The Farage creature was all over the media to explain that the strange bloke was tired and confused by the question. Hey Nigel, do (colloquial two-word Anglo-Saxon prepositional phrase ending with word “off”). The BBC, who for some time now have been promoting the drooling of the Farage creature, are now beginning to realise the danger of the monster they have created. The corporation has gone from talk of political earthquakes and a popular groundswell of support to reports of actual scrutiny of policy. Sadly, after the strange bloke`s unguarded remarks, it turns out that Kipper`s immigration policy consists of a simple “no immigrants”. It will be a shame to see the Queen deported, she did so much for tourism.

Last week, BBC News sent a reporter to one of Rochester`s biggest employers, a food processing factory. It interviewed a couple of local workers resplendent in overalls and hair nets. In a narrative worthy of Jonny Speight, one Kent Alf Garnett talked of immigrants coming over here and scrounging our benefits and that they should be sent back to where they came from. For balance, the BBC also spoke to the owner and founder of the company who said that staying as part of the EU was good for business, good for the economy and good for the UK. I am no expert in these things, but judging by the name, skin tone and accent of the owner and founder, it might just be that the gentleman was of Indian extraction. I wonder how the bloke in the hair net will feed his children after his boss has been deported.

Regardless of the result in Rochester and the number of terrified Tory MPs jumping ship to avoid falling off the gravy train, Cameron is in deep trouble. Someone at the Treasury has sacrificed a chicken and looked at how the guts landed to try and predict the future. Something very, very bad is about to happen to the economy. With less than six months until the proper election, some cynical observers might ask why the Prime Minister is warning of a downturn rather than bigging up the economic “achievements” of his administration.
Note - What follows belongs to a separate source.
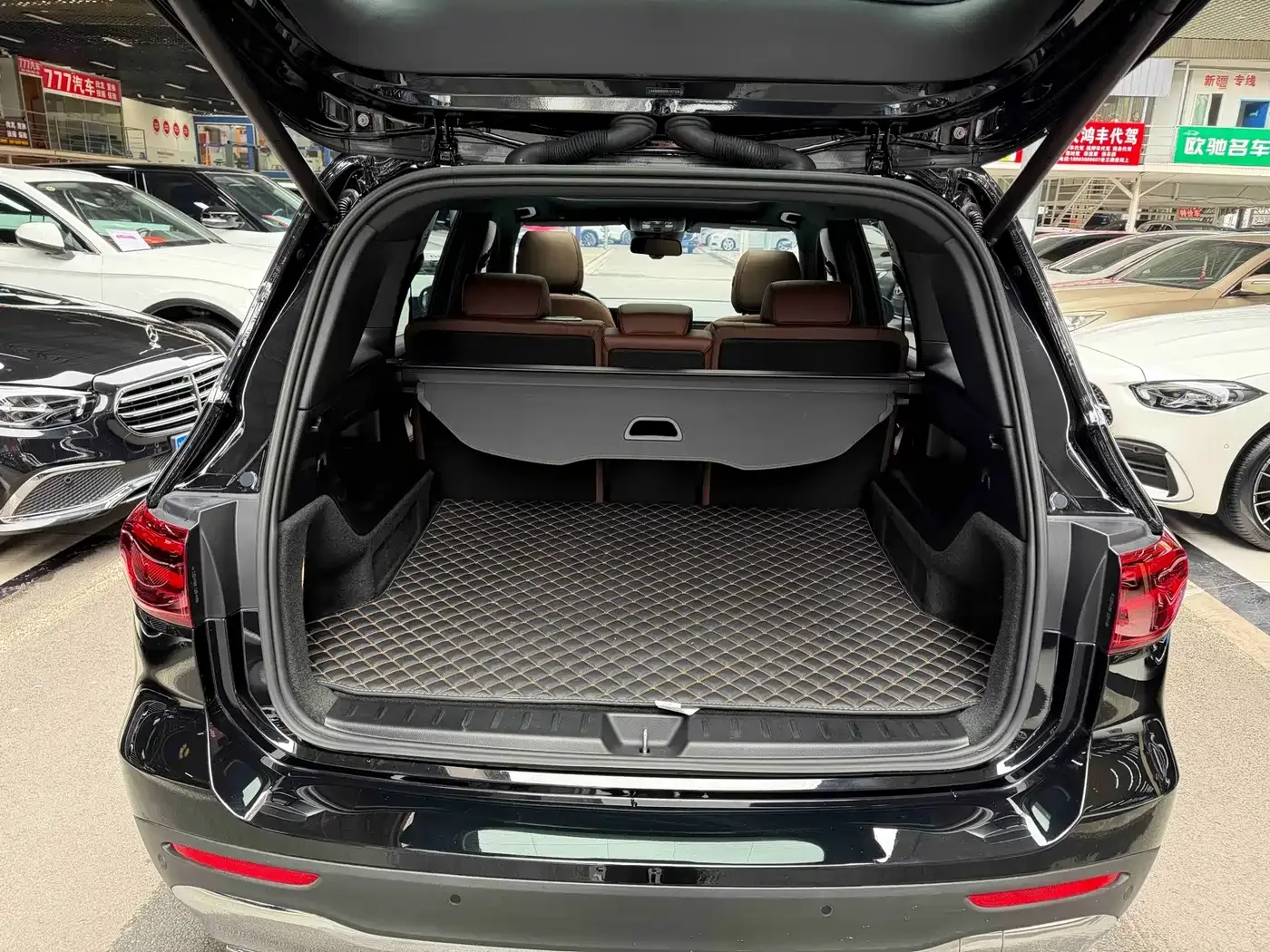 Mercedes-Benz Mercedes-Benz GLB 2024 Facelift GLB 220 Dynamic — Фото автомобиля 23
The answer boils down to failure.

By imposing unnecessary austerity and clobbering the poor and vulnerable in order to fund tax cuts for the very rich and sell off the common wealth to the one per cent that own most of the planet, Cameron and the idiot Osborne are about to be found out. At the risk of being repetitively boring, the deficit is rising, debt is rising and government borrowing is rising. Children living in poverty, food banks, suicides of sanctioned benefit claimants, homelessness and attacks on people with disabilities are not key performance indicators of a successful government. Anything that the idiot Osborne has to say must be taken with pinch of a crystalline substance not dissimilar to salt in appearance but is nonetheless very different in its effect.

Having blamed snow, floods, the Olympics, a royal wedding bank holiday, Syria, Ebola, Ukraine, Gaza and leaves on the line, the curious Office for National Statistics have run out of spun excuses and have probably told Cameron and the idiot Osborne that we are well and truly (colloquial Anglo-Saxon past tense indicating the termination of sexual congress). This time, it`s all the fault of those awful Europeans and everybody else in the world for that matter. I don`t know about you, but given this useless bunch of shysters, I would very much like to have my country back, thank you very much.

David Cameron is definitely not the most incompetent Prime Minister in living memory even if we consider the dreadful Anthony Eden, the disturbing Edward Heath, boring John Major, conniving Harold Wilson, grumpy Gordon, walking cadaver Alec Douglas-Home, Macmillan, avuncular Callaghan, that Thatcher and war criminal Blair.

David Cameron is the most incompetent Prime Minister this nation has ever had the misfortune to endure. The irony is, he did not even achieve a majority. Unlike Sir Robert Walpole; who cannot now be held accountable for his woeful handling of the War of Jenkins` Ear or the bursting of the South Sea Bubble.

Perhaps Cameron`s only hope lies in dodgy investment and a pointless foreign war.